*** Opening INPUT FOR THIS TASK ***
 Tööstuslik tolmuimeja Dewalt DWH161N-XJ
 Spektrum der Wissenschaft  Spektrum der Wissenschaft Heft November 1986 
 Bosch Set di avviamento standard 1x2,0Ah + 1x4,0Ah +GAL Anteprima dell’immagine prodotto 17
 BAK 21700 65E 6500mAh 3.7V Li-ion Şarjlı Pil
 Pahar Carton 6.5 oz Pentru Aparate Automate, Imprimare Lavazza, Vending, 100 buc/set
*** Closing INPUT FOR THIS TASK ***
▸ **EXERCISE PROMPT**:
The entries must all be transcribed exactly.

▸ **EXERCISE SOLUTION**:
 Tööstuslik tolmuimeja Dewalt DWH161N-XJ
 Spektrum der Wissenschaft  Spektrum der Wissenschaft Heft November 1986 
 Bosch Set di avviamento standard 1x2,0Ah + 1x4,0Ah +GAL Anteprima dell’immagine prodotto 17
 BAK 21700 65E 6500mAh 3.7V Li-ion Şarjlı Pil
 Pahar Carton 6.5 oz Pentru Aparate Automate, Imprimare Lavazza, Vending, 100 buc/set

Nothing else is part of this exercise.